» **Records for processing**
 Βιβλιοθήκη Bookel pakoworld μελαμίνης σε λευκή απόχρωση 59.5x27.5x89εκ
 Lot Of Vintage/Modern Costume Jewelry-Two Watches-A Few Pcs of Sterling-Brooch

---

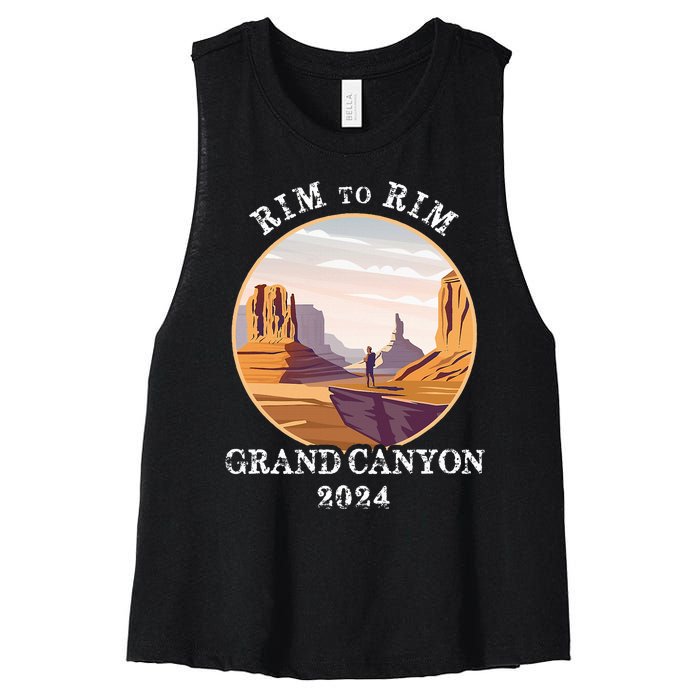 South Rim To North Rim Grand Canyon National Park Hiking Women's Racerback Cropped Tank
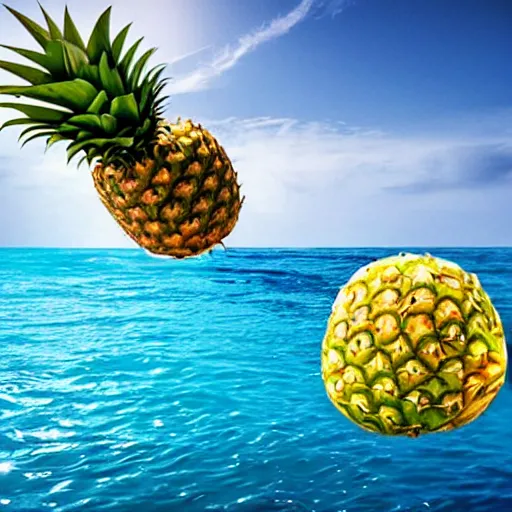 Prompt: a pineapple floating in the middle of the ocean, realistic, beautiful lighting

...

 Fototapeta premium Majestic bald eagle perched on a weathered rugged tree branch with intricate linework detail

» **Exercise instructions**
Starting with the line with "Βιβλιοθήκη Bookel pakoworld" above and going on through the line with "Lot Of Vintage/Modern", transcribe every line exactly, both ends included, and add nothing.

» **Task output**
 Βιβλιοθήκη Bookel pakoworld μελαμίνης σε λευκή απόχρωση 59.5x27.5x89εκ
 Lot Of Vintage/Modern Costume Jewelry-Two Watches-A Few Pcs of Sterling-Brooch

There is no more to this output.